Logistics bottlenecks keep reshaping trade routes
Persistent congestion and underperformance across Transnet's rail network and the Richards Bay terminal have continued to push volumes toward alternative routes, particularly the Maputo corridor via Komatipoort in Mozambique, which now handles more than half of South Africa's chrome ore exports. This diversification has helped sustain export volumes but adds cost and route risk, as illustrated by periodic disruptions at the Mozambican border and a recent reported shift of some volumes toward regional trading hubs such as Hong Kong.

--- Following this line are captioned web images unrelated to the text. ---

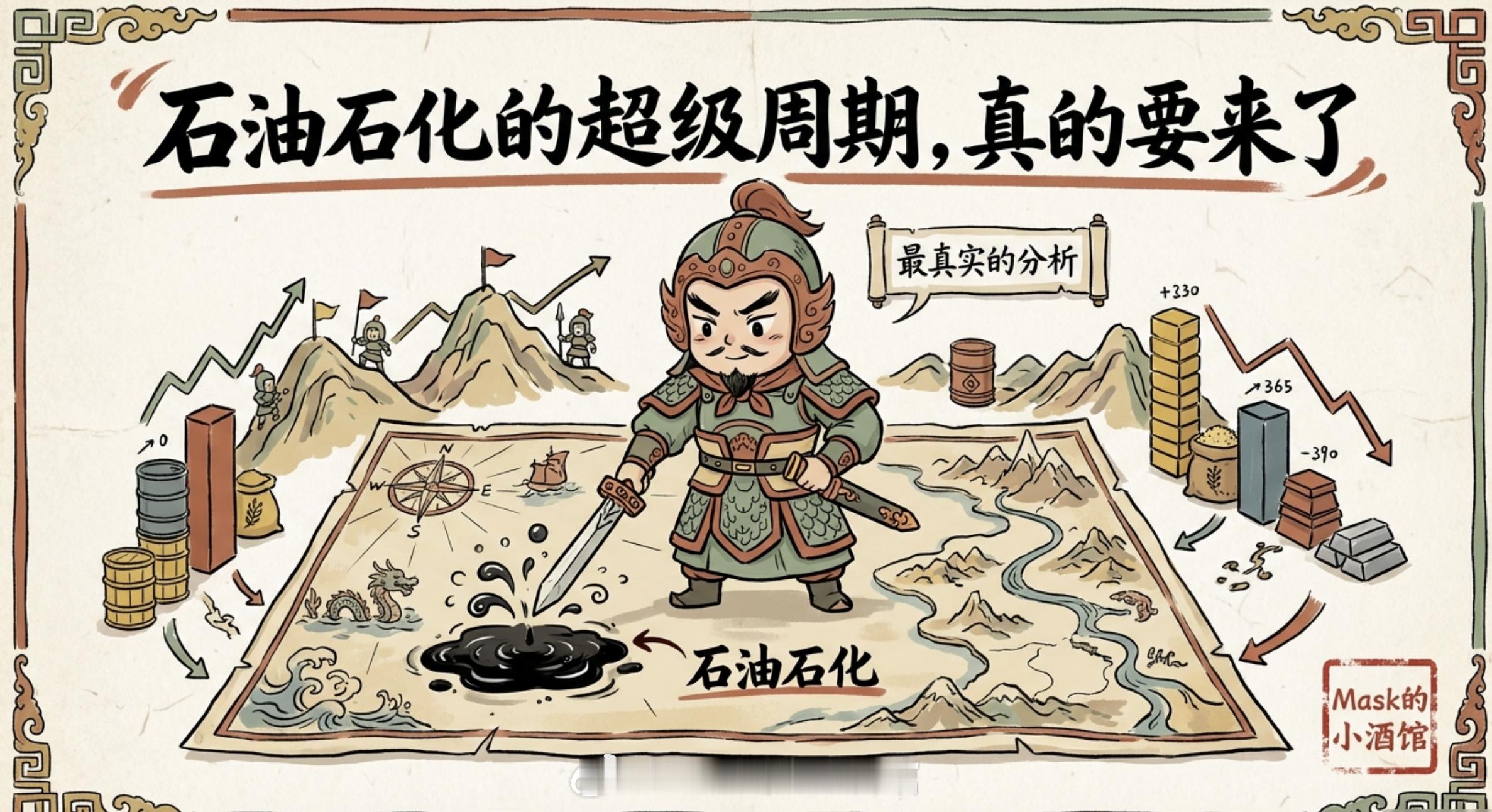 石油石化的周期要来了前一段时间说的石油石化，我是没想到后面说了还能再涨10个点，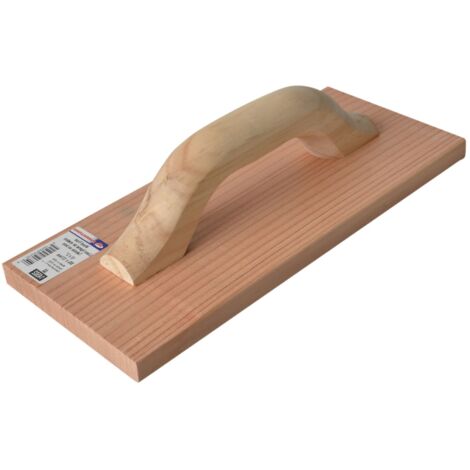 Marshalltown M44 12" x 5" Straight Grain Wood Float for Wall Finishing and Skimming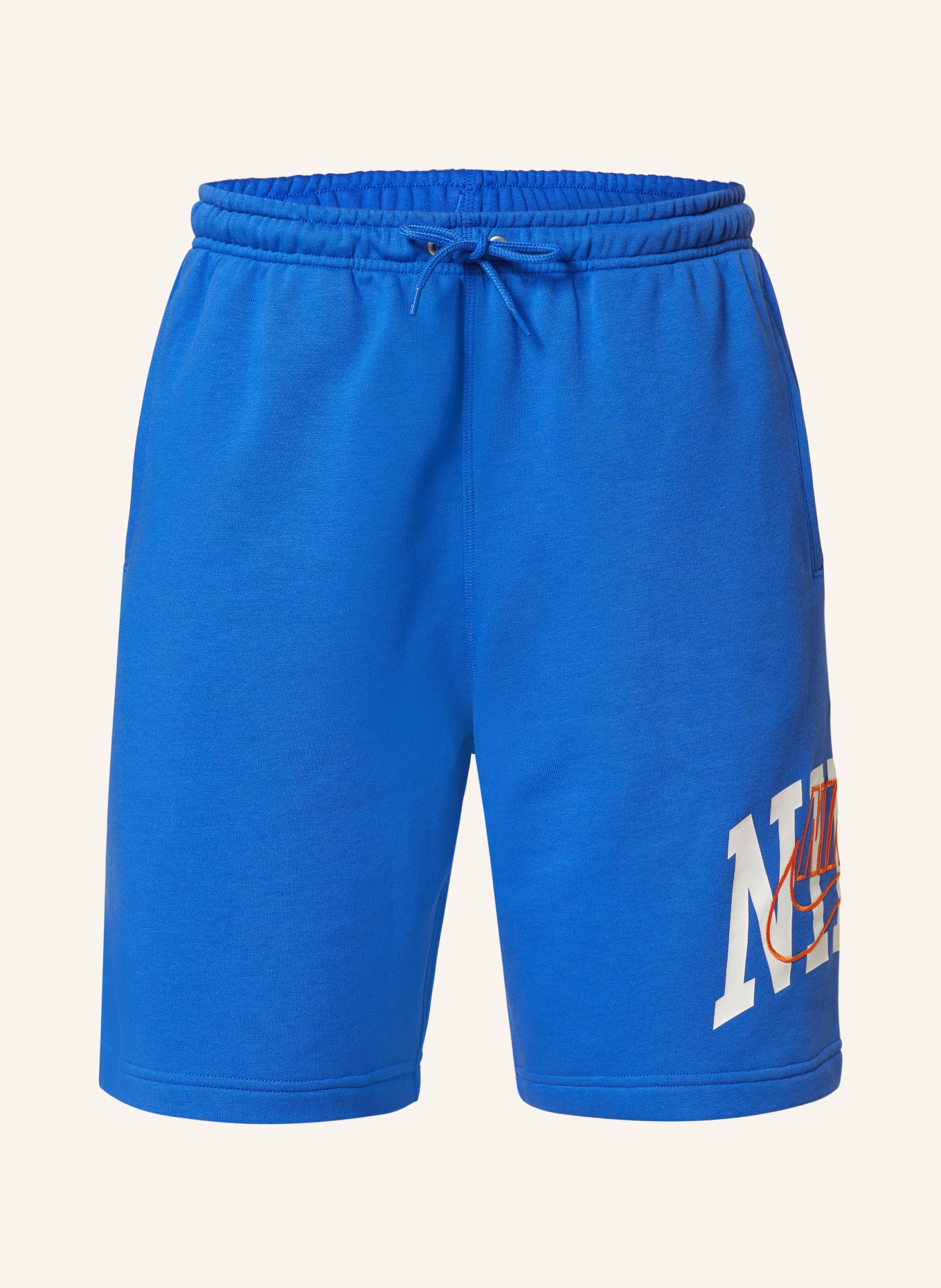 Nike Sweat shorts CLUB, Color: BLUE/ WHITE/ ORANGE (Image 1)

China remains the demand anchor; Indonesia a growing headwind
Chinese buyers absorbed a record 12.5 million mt of South African chrome ore across 2025, up 23.8% year-on-year, as Chinese ferrochrome capacity and stainless steel output continued to expand. According to SMM data, China's monthly high-carbon ferrochrome output climbed steadily over 2025 — from roughly 553,600–592,200 mt in the first quarter, to 710,400–751,300 mt in the second quarter, above 790,000 mt from July onward, and reaching a year-end high of approximately 882,100–887,900 mt in November–December. This demand base is expected to remain the primary support for South African chrome ore exports through 2026. At the same time, Indonesia's fast-growing domestic ferrochrome and stainless steel capacity is gradually reducing its historical reliance on imported alloy, a headwind that applies more directly to South African ferrochrome exports than to chrome ore shipments.

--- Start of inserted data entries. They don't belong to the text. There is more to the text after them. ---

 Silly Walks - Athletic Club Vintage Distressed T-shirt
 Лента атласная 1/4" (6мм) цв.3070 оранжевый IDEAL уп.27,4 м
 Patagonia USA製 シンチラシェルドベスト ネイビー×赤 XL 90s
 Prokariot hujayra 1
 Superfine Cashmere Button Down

Price and regulatory backdrop
SMM assessments indicate that chrome ore prices have limited room for further near-term upside given thin producer margins, even as strong Chinese ferrochrome operating rates keep underlying demand firm. Ferrochrome prices, by contrast, remain pressured by global oversupply and soft ex-China demand. Further out, the European Union's Carbon Border Adjustment Mechanism (CBAM), effective from January 2026, may gradually reshape sourcing patterns for chromium-bearing alloys among European stainless steel producers — a factor with limited near-term impact on this report's data but worth monitoring for its effect on non-China trade flows over 2026–27.
Outlook — H2 2026
■ Chrome ore exports are likely to stay elevated, supported by firm Chinese ferrochrome and stainless steel demand, though a finalized export permit/tax regime could dampen volumes moving through non-integrated export channels.

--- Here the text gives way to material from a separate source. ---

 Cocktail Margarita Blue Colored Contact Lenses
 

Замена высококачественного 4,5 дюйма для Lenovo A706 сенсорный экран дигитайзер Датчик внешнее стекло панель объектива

■ High-carbon ferrochrome exports should remain range-bound at levels well below 2024–25, with any meaningful recovery contingent on the pace of NPA-driven electricity relief and subsequent furnace restarts.
■ Chrome ore prices are expected to see limited further upside near term amid low producer margins; ferrochrome prices are likely to stay under pressure from global oversupply.
■ Transnet and Maputo-corridor logistics performance will remain a key swing factor for shipment volumes of both commodities.